Excerpted records ::
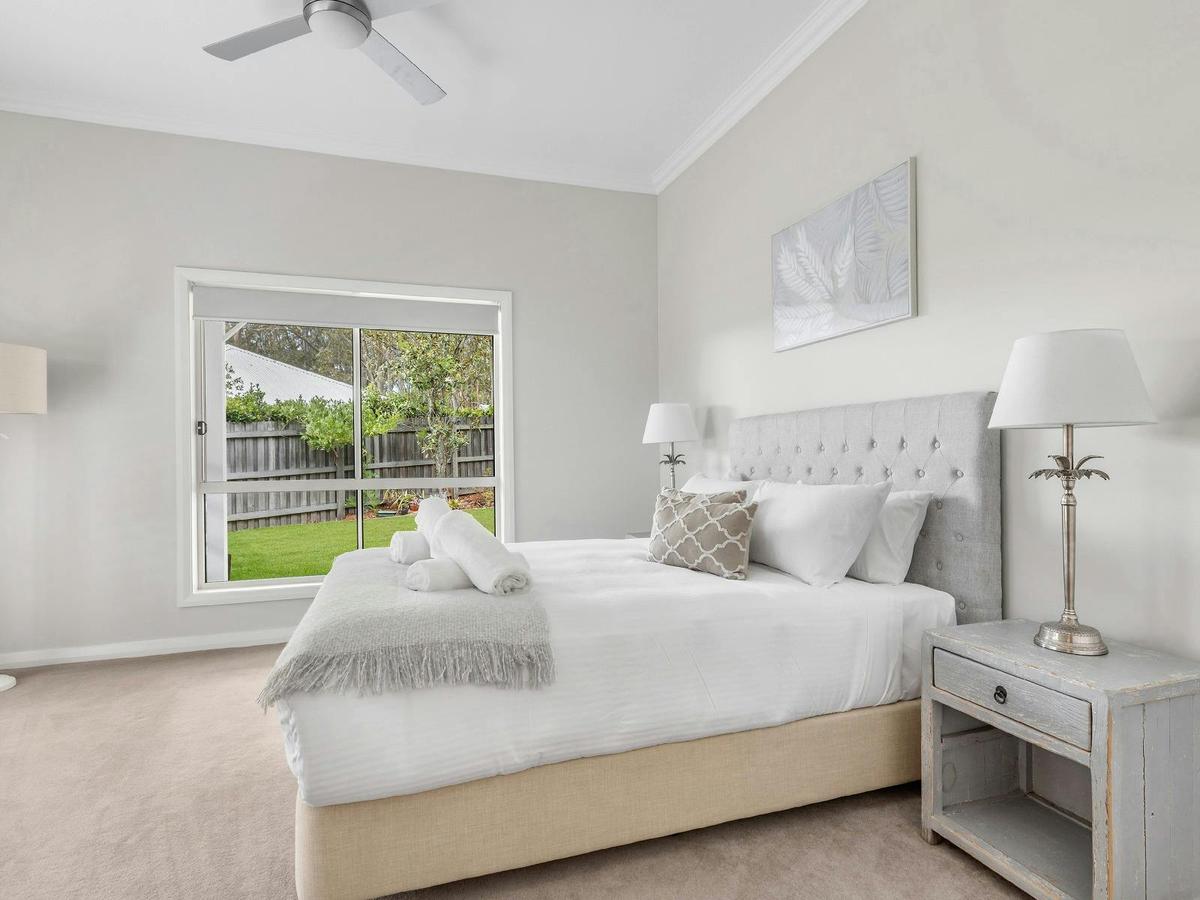 Vintage Lodge bedroom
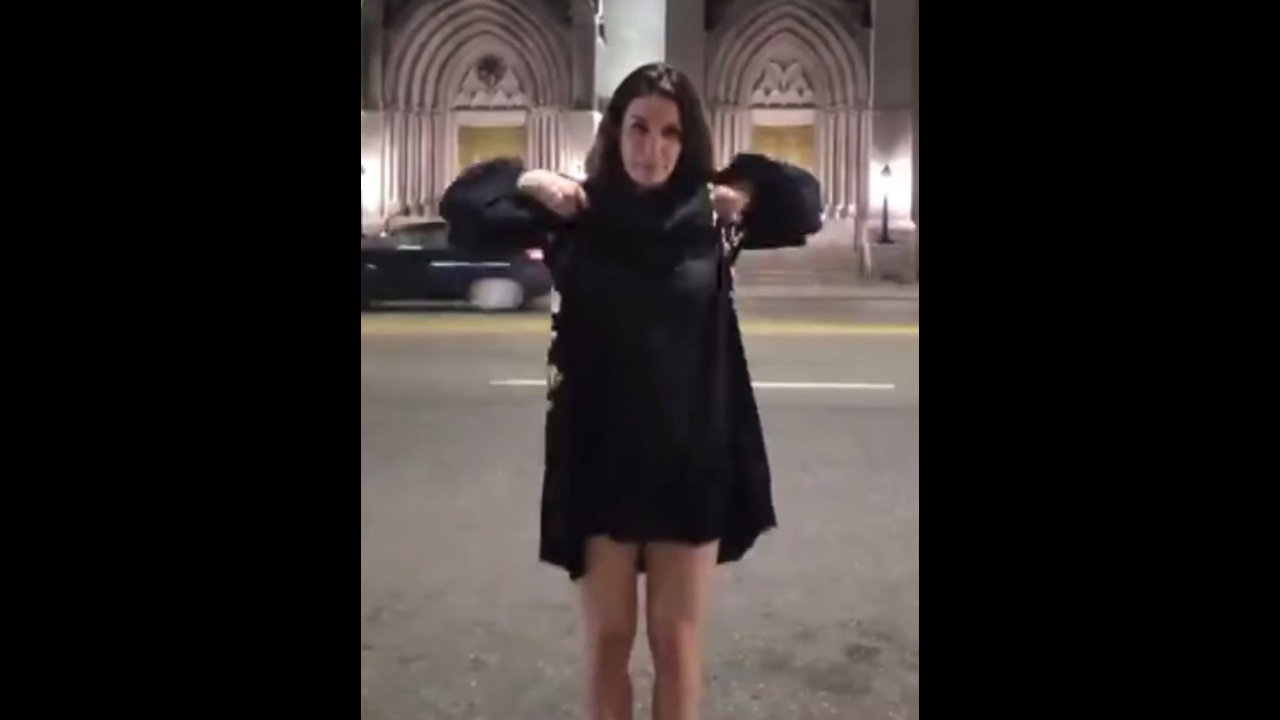 Teen caught in Indian Sex MMS scandal outdoors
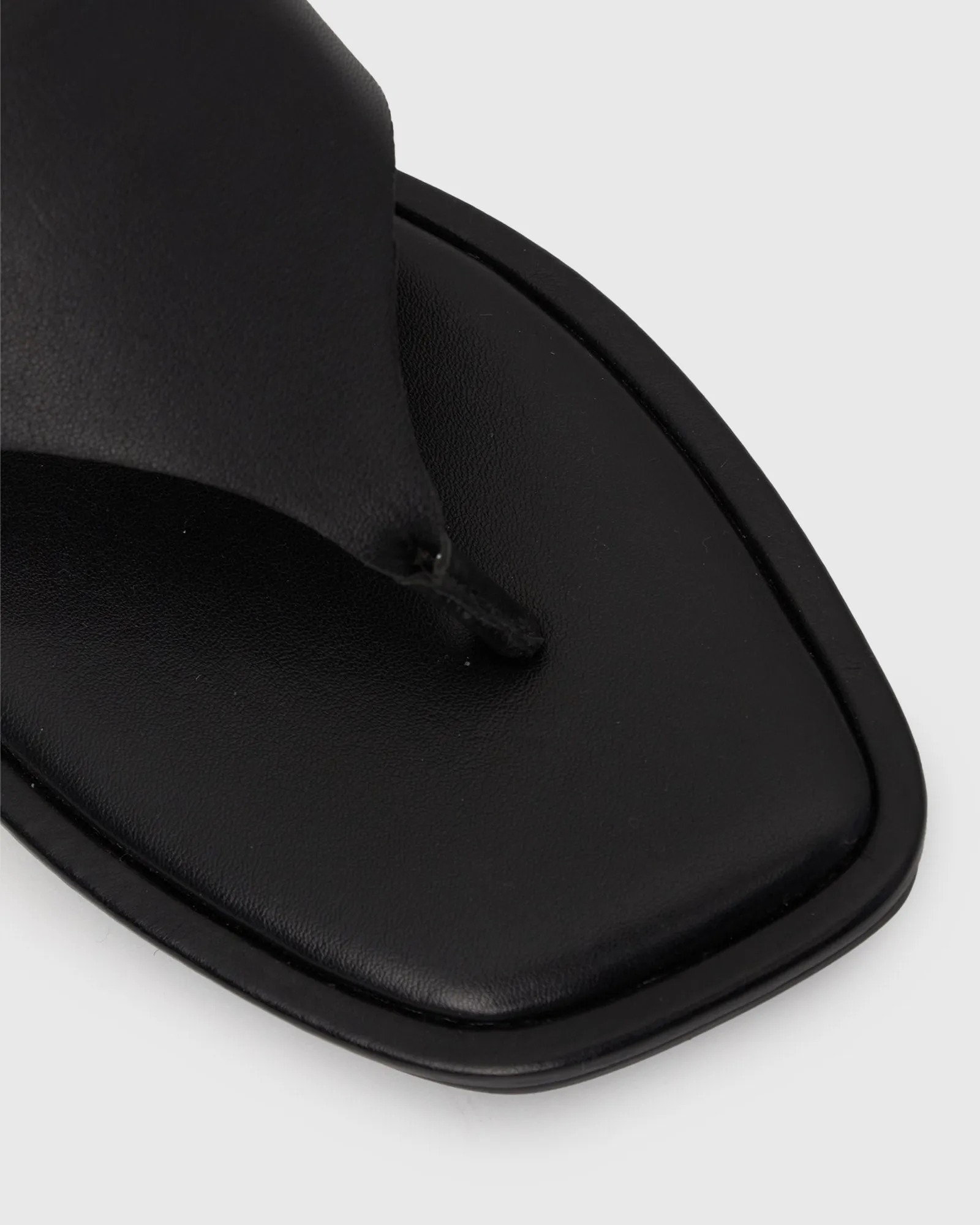 ISANA Leather Thong Sandals
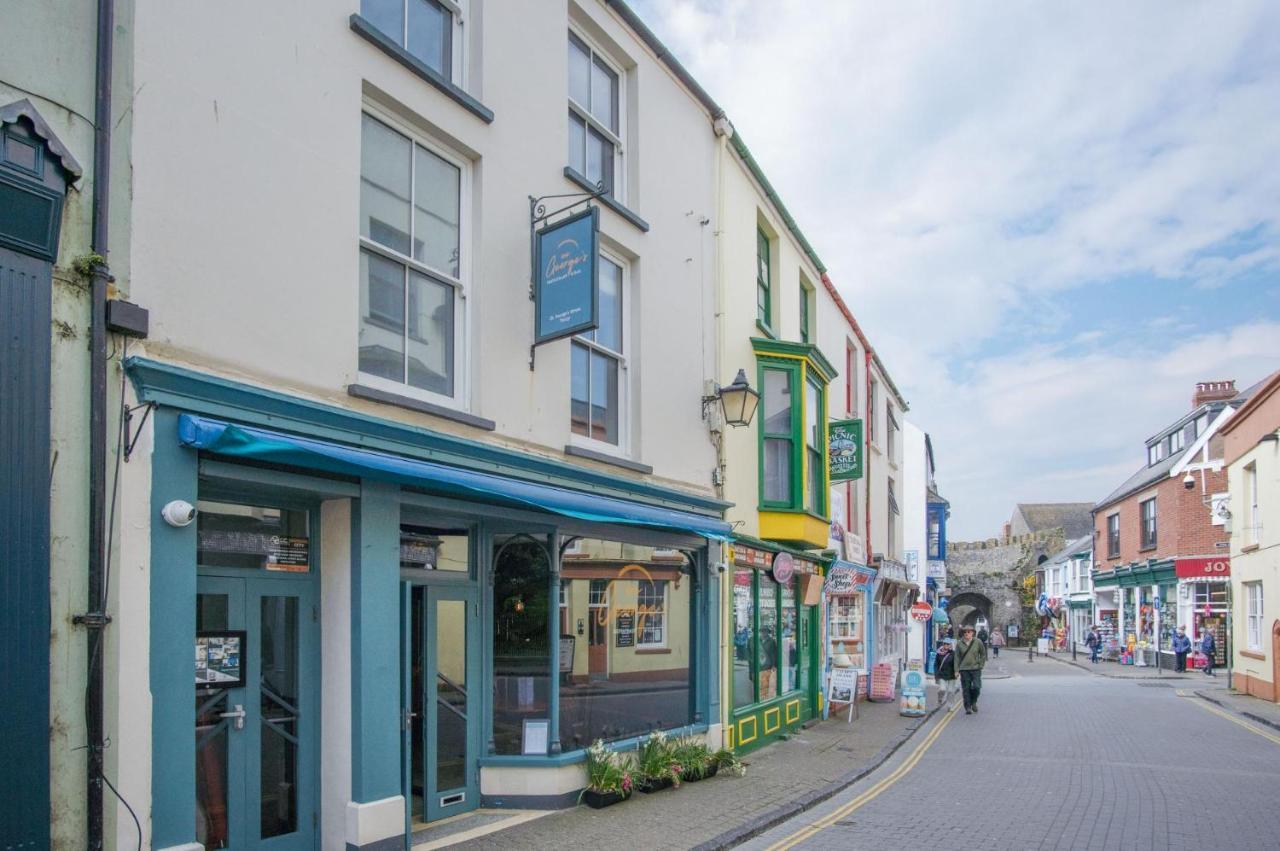 To Mawr - 2 Bedroom Apartment - Tenby Exterior photo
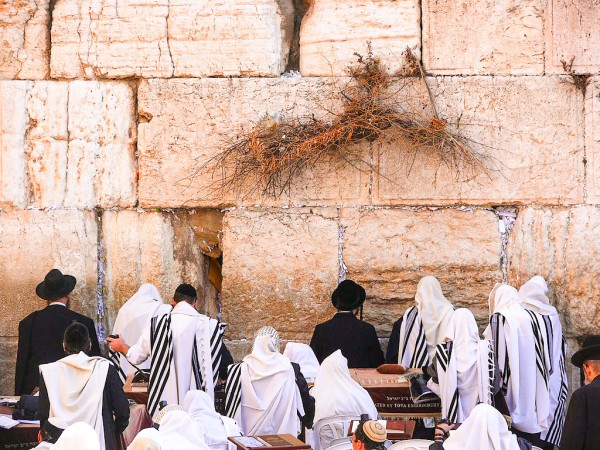 Jews-pray-Western Wall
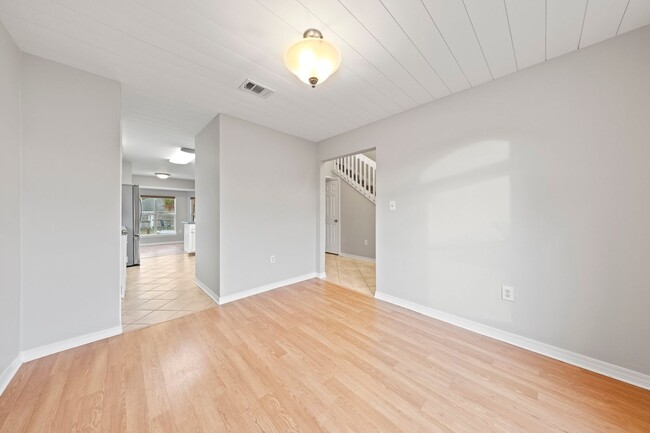 Building Photo - Charming 3 Bedroom in Destin!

Required action :: The lines to return run from the line containing "ISANA Leather Thong Sandals" through the last line of the records. Give them exactly, omitting pictures.

Task solution ::
 ISANA Leather Thong Sandals
 To Mawr - 2 Bedroom Apartment - Tenby Exterior photo
 Jews-pray-Western Wall
 Building Photo - Charming 3 Bedroom in Destin!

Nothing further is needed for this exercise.